Wenn die bunten Herbstfarben verblassen und die Blätter im Garten liegen, wird das Laubfegen schnell zur nervigen Pflicht. Kaum sind die Blätter weggeräumt und verpackt, wartet schon das nächste Problem: Unkraut. Diese ungebetenen Gäste sprießen oft sofort, sobald das Laub weg ist, und machen den frisch gereinigten Garten wieder chaotisch.
Aber es gibt eine super einfache Lösung, die weder teure Mittel noch stundenlange Arbeit braucht. Meine Oma, die seit Jahrzehnten gärtnert, hat mir einen Trick gezeigt, mit dem du Unkraut nach dem Laubfegen zuverlässig verhinderst. Das Ganze dauert nur zwei Minuten und erspart dir später viel Ärger.
Das Problem mit dem Laub
Laubfegen ist wichtig, besonders in Gärten mit vielen Laubbäumen. Lässt du die Blätter liegen, ersticken sie den Rasen, fördern Schimmel und machen alles rutschig. Viele von uns investieren Stunden ins Harken und Sammeln – nur um kurz danach zu sehen, wie Unkraut durch den Boden schießt.

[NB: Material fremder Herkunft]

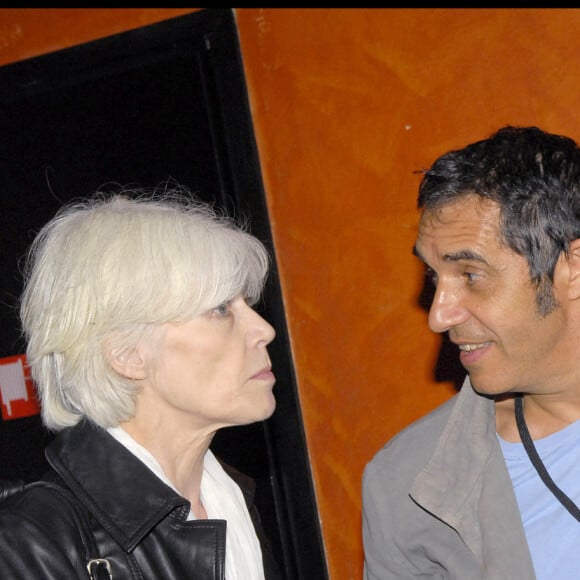 Françoise Hardy, Julien Clerc - Festival radio classique à l'Olympia.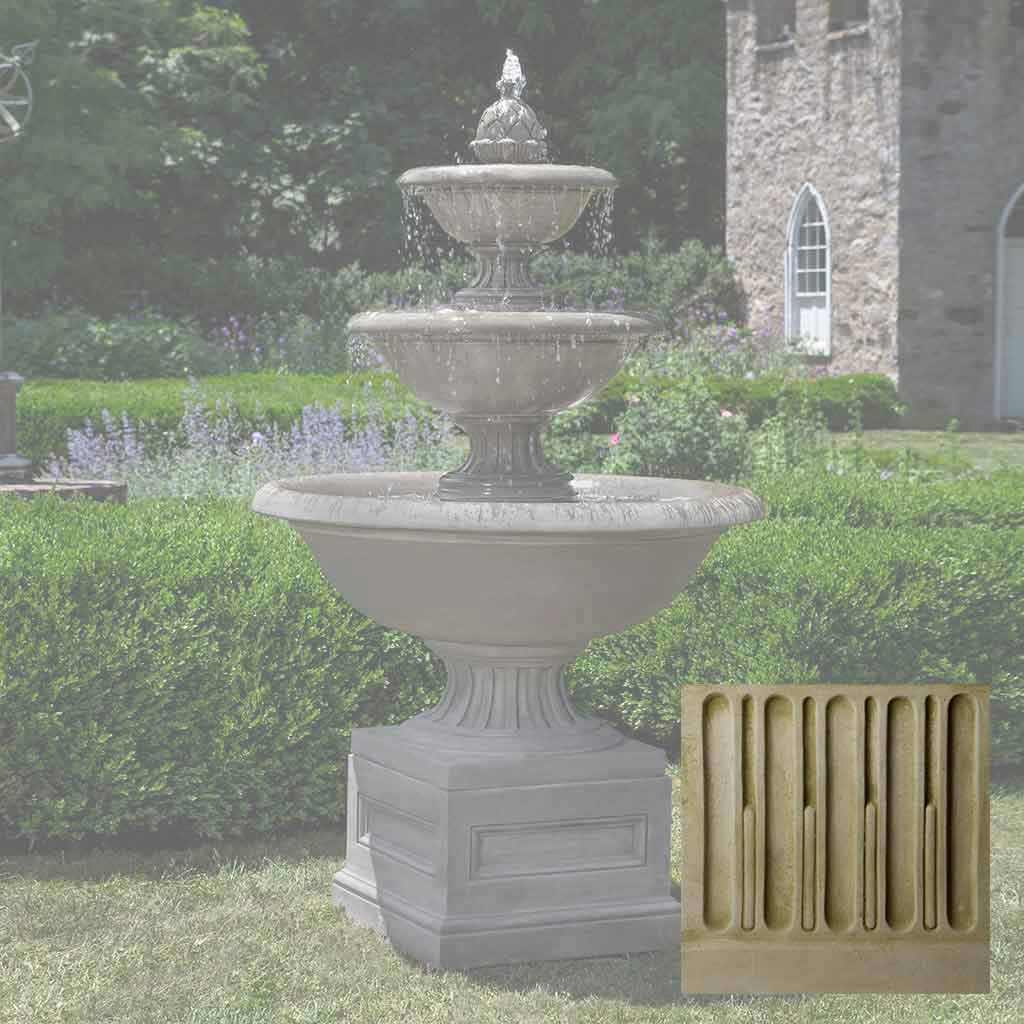 Campania Fonthill Fountain - FT-271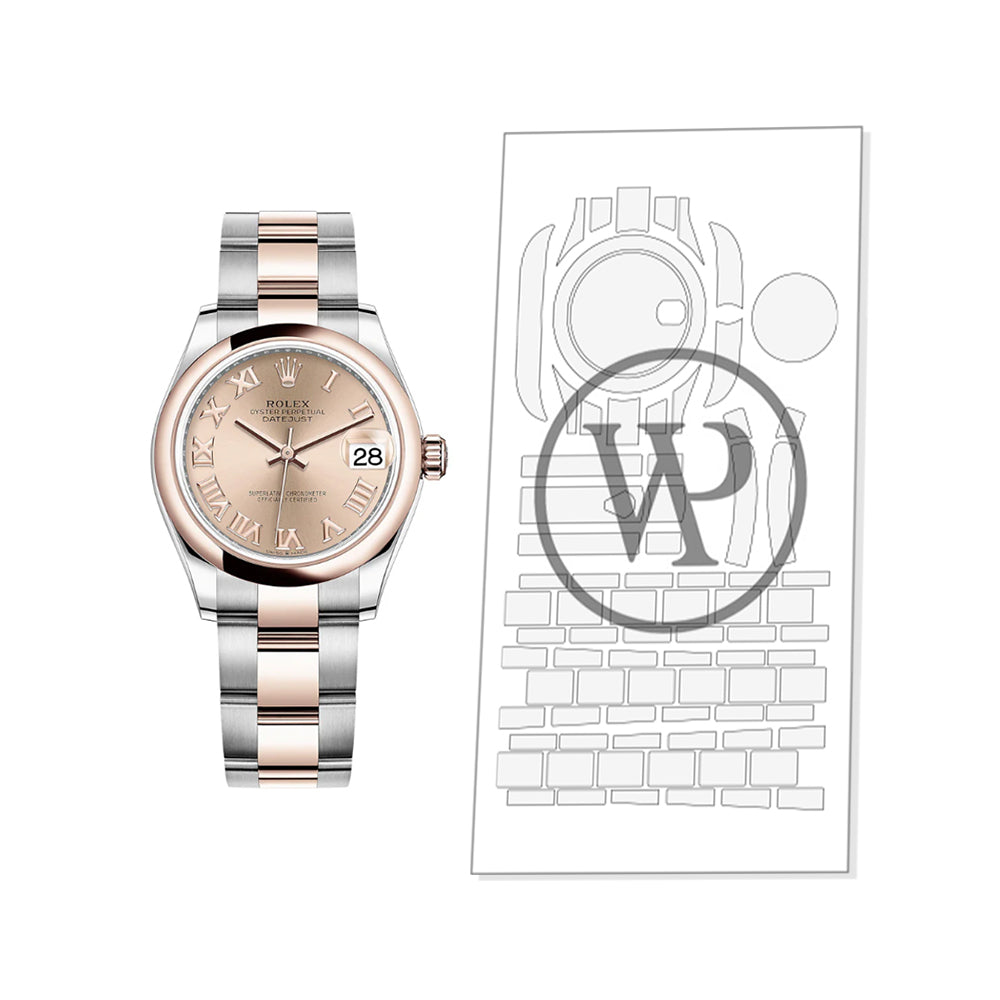 Protection for Rolex Datejust 31 Watch Protective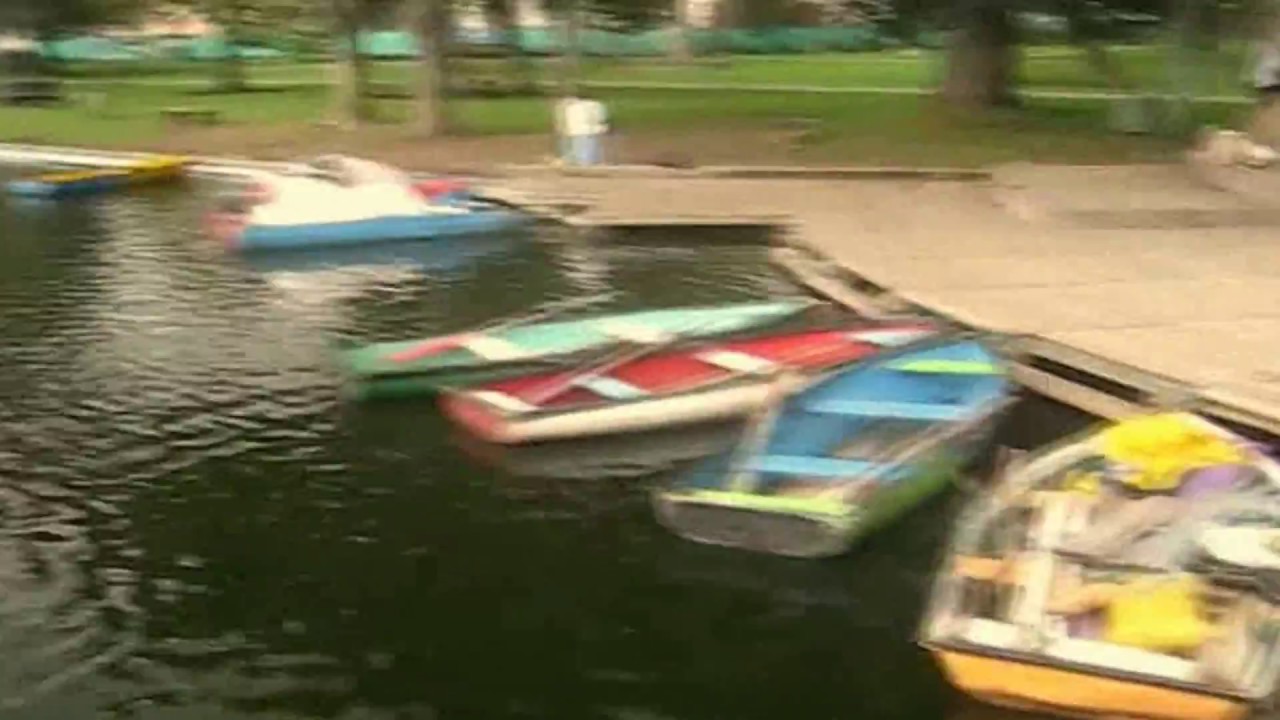 LA ALAMEDA QUITO ECUADOR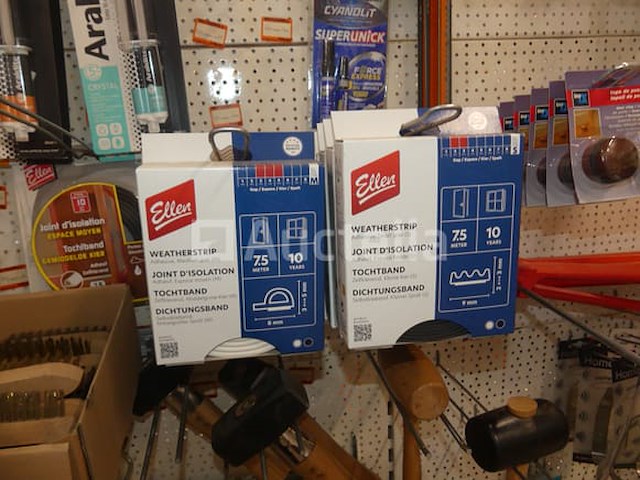 Gereedschap en verbruiksartikelen - afbeelding 44 van  44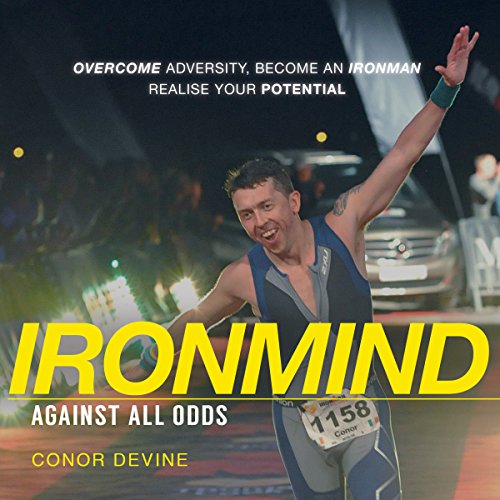 Ironmind: Against All Odds cover art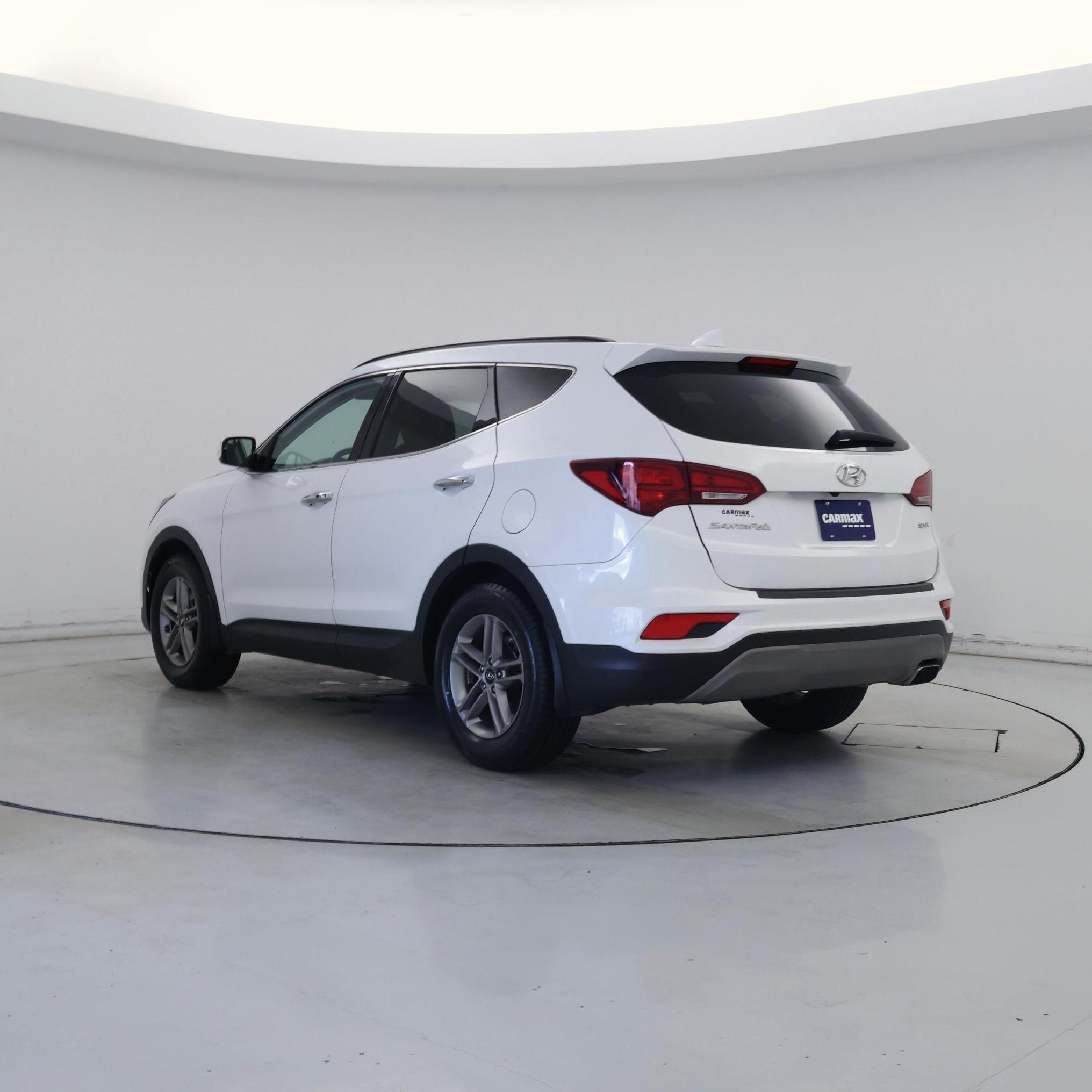 Thumbnail: 2018 Hyundai Santa Fe - 2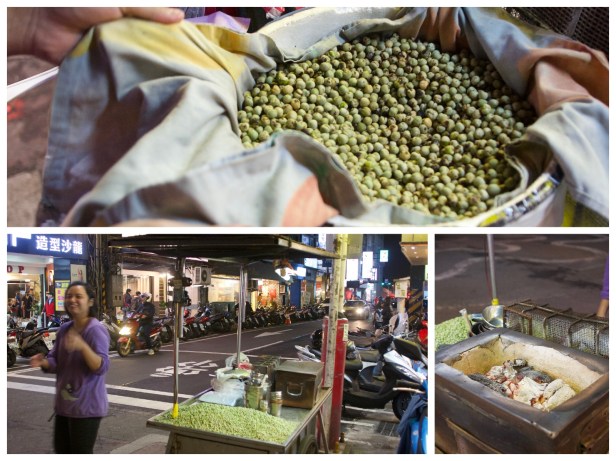 20171204基隆人日常飲食之14　炭烤番仔豆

Denn ohne die Laubdecke bekommt die Erde direkt Sonne und Feuchtigkeit – perfekte Bedingungen für Unkrautsamen. Das Ergebnis: neue Pflanzen, die deinem Rasen Nährstoffe und Platz klauen.
Warum Unkraut so nervt
Unkraut ist nicht nur ein optisches Problem. Es verdrängt deine schönen Pflanzen, nimmt ihnen Licht, Wasser und Nährstoffe weg. Manche Arten wie Löwenzahn oder Quecke sind extrem hartnäckig und verbreiten sich schnell. Hast du sie einmal im Garten, wirst du sie nur schwer wieder los – oft nur mit Chemie.
Darum ist es viel besser, Unkraut gar nicht erst hochkommen zu lassen. So sparst du dir Giftstoffe, schonst die Umwelt und hast weniger Arbeit im Garten.
Omas genialer Trick
Omas Methode ist simpel: Nach dem Laubfegen deckst du die freie Erde sofort ab, damit kein Licht zu den Unkrautsamen gelangt. So verhinderst du, dass sie überhaupt keimen.
Das Ganze ist nachhaltig, chemiefrei und funktioniert mit Dingen, die du meistens schon zuhause hast.
Was du brauchst
- Zeitungspapier oder Karton
- Mulch (z. B. Rindenmulch oder Holzschnitzel)
- Einen Gartenschlauch
Mehr braucht es nicht!
Schritt-für-Schritt-Anleitung
- Nachdem du das Laub entfernt hast, legst du Zeitung oder Karton auf die freien Stellen. Achte darauf, dass sich die Blätter überlappen, damit kein Licht durchkommt.
- Danach verteilst du eine 2–3 cm dicke Schicht Mulch darüber.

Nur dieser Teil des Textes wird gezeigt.